Posted on 11/14/2007 3:22:25 PM PST by DogByte6RER
Yahoo to pay Chinese families
It settles with relatives of journalists jailed for dissent after it revealed their names to police.
By Alex Pham
Los Angeles Times Staff Writer
November 14, 2007
A week after lawmakers shamed its executives as moral "pygmies," Yahoo Inc. on Tuesday reached an out-of-court settlement with the families of two Chinese journalists thrown into jail for dissidence after the company disclosed their identities to local police.
Yahoo promised to pay the families' legal bills and to create a fund to "provide support to other political dissidents and their families," but the Sunnyvale, Calif.-based company wouldn't disclose other details of the agreement.

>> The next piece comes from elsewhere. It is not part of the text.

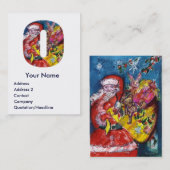 CHRISTMAS O BRIEF / SANTA MET GIFTS MONOGRAM VISITEKAARTJE (Voorkant / Achterkant)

The families' lawyer said settlement talks didn't begin in earnest until last week, when Yahoo's visibly humbled chief executive, Taiwan-born Jerry Yang, apologized and tried to defend the company's actions.
"After meeting with the families, it was clear to me what we had to do to make this right for them, for Yahoo and for the future," Yang said in a statement released Tuesday. "At Yahoo, we believe in the transformative power of the Internet. That's why we are so committed to working to support free expression and privacy around the world."
But human-rights groups criticized Yahoo's requirement that the settlement's terms be kept confidential.
"Because this agreement has been kept secret, we can't be sure that Yahoo is taking the commitment to end censorship seriously," said Amy O'Meara, director of business and human rights at Amnesty International USA.
The controversy surrounds Yahoo's decision in 2004 to turn over to Chinese police, at their request, the names of journalists who had used Yahoo services to share material advocating democratic reform. The information led to the conviction of Wang Xiaoning, who was sentenced to 10 years in prison for "incitement to subvert state power."
(Excerpt) Read more at latimes.com ...
And google did the same...
You’d think a Taiwanese would know better than to throw somebody under the China bus.